So we are at an impasse. Janeway doesn’t want to order Tuvix to die, but she really wants him dead nonetheless. She wants him dead because the Doctor found some nonsensical way to separate them. Kes really wants Neelix back – she’s creeped out by this Tuvix character. After Tuvix pleads for his life with Janeway, he realizes she’s not going to change her mind. So he reaches out to Kes and asks her help, but when she talks to Janeway, she turns completely against him. She does a good job here sounding like she wants to do the “right thing”, but she doesn’t really want to give up Neelix.

So what does Janeway decide to do? She has made up her mind that she will order Tuvix to die. She approaches him on the Bridge and asks to speak with him privately, but he wisely says he thinks everyone should hear her decision. He wants everyone to know that he was killed unwillingly, and that this was what Janeway decided to do. So far, this episode is really heading in the wrong direction, in my opinion.

Then the episode really gets ugly. He pleads with his “friends” on the Bridge to find someone who will ally with him and argue for his life. He finds no support – not even from Chakotay, who just a few minutes before said he was his friend. With friends like this, who needs enemies? But truth be told, I don’t think it would matter one bit what anyone else on the Bridge had to say. Janeway decided to have him killed off because Tuvix is an annoying reminder of two people who no longer exist.

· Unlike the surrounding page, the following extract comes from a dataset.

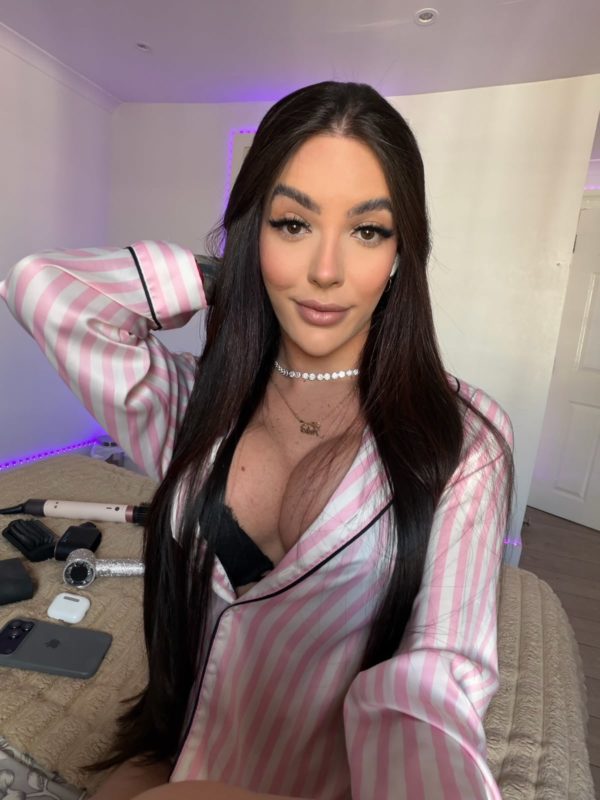 Talia Ninfetinha 35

Earlier in the episode, she had even told Tuvix that both Tuvok and Neelix would actually be willing to die to allow someone else to live – as if she were telling Tuvix that he should do the same. But here’s the problem with her argument – and I wish Tuvix had mentioned this – Tuvok and Neelix already HAD given up their lives for Tuvix in the first place. So Tuvix could have turned her argument on its ear and said, “yes, Tuvok and Neelix would be willing to give up their lives for someone else, and in fact, they already have given up their lives for me.” But as I said before, it wouldn’t have mattered one bit. When Janeway makes up her mind, NOBODY can change it. She is the most stubborn starship captain that Star Trek has ever produced.

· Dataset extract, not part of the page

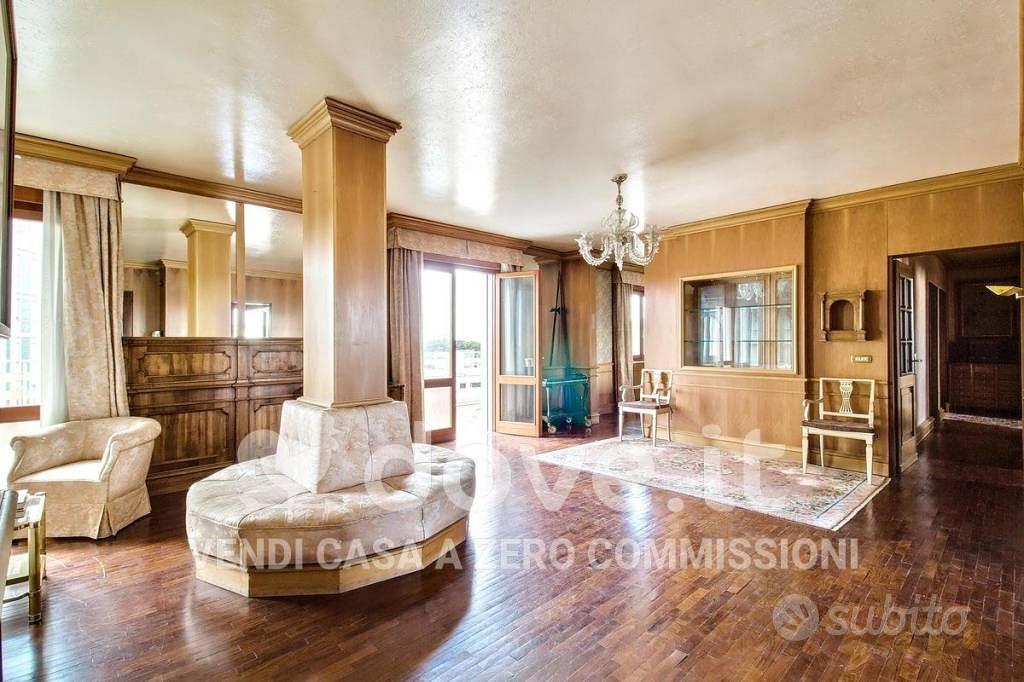 Appartamento di 140 m² con 4 locali e posto auto a - Vista 3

Here’s how it ends. Everyone turns against Tuvix – he receives no help from anyone, except the Doctor, who repeatedly shows more signs of ethical and humane behavior than any of the “real” characters on this ship. He is under oath to “do no harm.” Janeway is not subject to the Hippocratic Oath, but she is under the Starfleet oath of seeking out new life forms and new civilizations. Janeway pushes the transporter button which separates Tuvix back into Tuvok and Neelix, and everyone is supposed to be happy again.

These last few scenes are extremely hard for me to watch. I continue to this day to be completely disgusted by what I saw. Sometimes we need controversy in our entertainment to cause us to think about difficult issues in a new way. But this episode was so disturbing that it was not enjoyable in the least. Maybe this isn’t as disturbing to other people, but at least for me, this is one episode I will try very hard to forget.

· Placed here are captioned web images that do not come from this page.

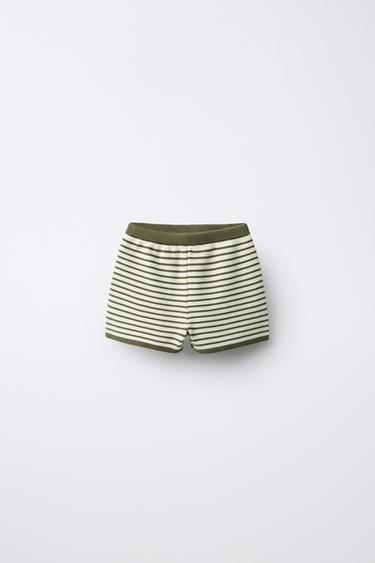 ТРИКОТАЖНЫЕ ШОРТЫ В ПОЛОСКУ — Цвет небеленого полотна/Зеленый от Zara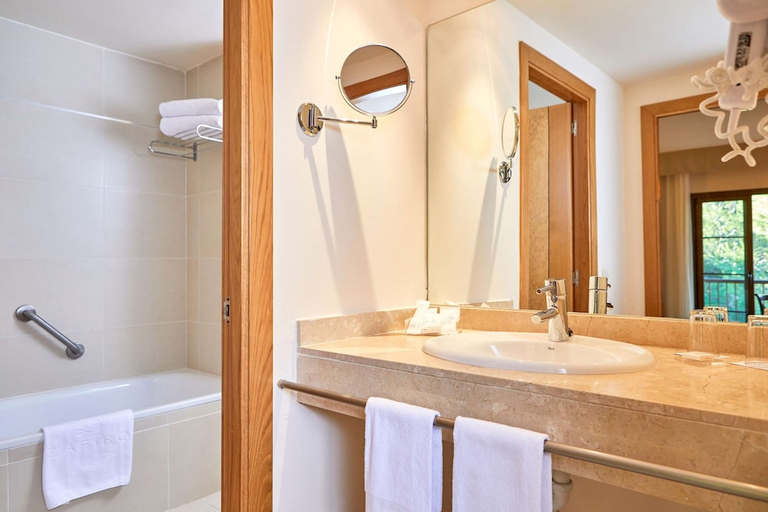 Bathroom 5, Zafiro Cala Mesquida, Baleares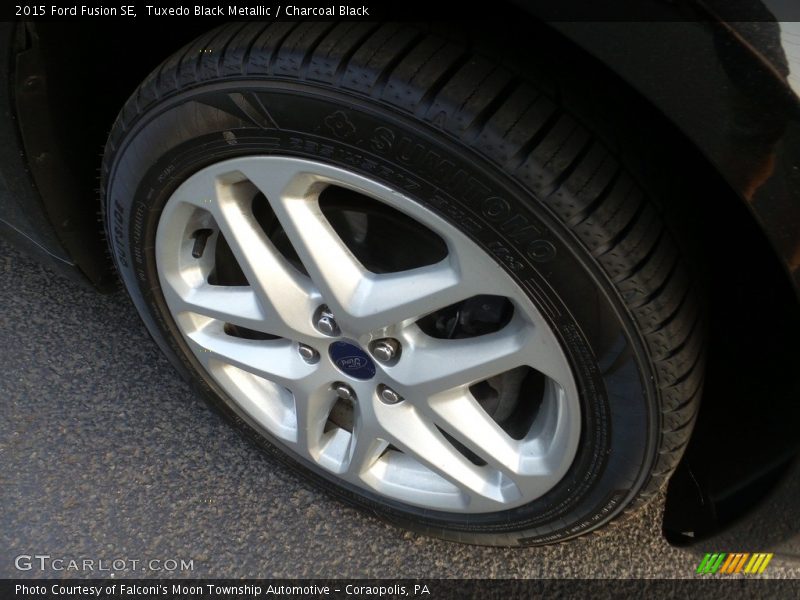 Tuxedo Black Metallic / Charcoal Black 2015 Ford Fusion SE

I have to give this a mediocre grade. We see some outstanding character moments, excellent writing and perhaps the best acting this series has ever produced. But it is also the least enjoyable episode of Star Trek that I have ever seen. It’s no exaggeration for me to say that I never want to see this episode again. The most positive thing I can say about this episode is that this being Voyager, we’ll never have to deal with this incident ever again.

Of Note

Ethan Phillips, who plays Neelix, was one time asked if there could ever be a relationship between Kes and Tom Paris. After this episode, he was personally convinced that such a relationship could never happen, because of how much Kes loved Neelix. And yet somehow this all changes too.

Several episodes before, Lt Suder had been found guilty of killing another crewman, but Janeway decided to keep him locked up in the brig forever. At that time, and in this episode as well, it is brought up that the Federation does not have a death penalty. So Janeway doesn’t kill off Suder, who is a convicted murderer, but she kills off Tuvix whose only crime is that he came into existence because of a transporter accident.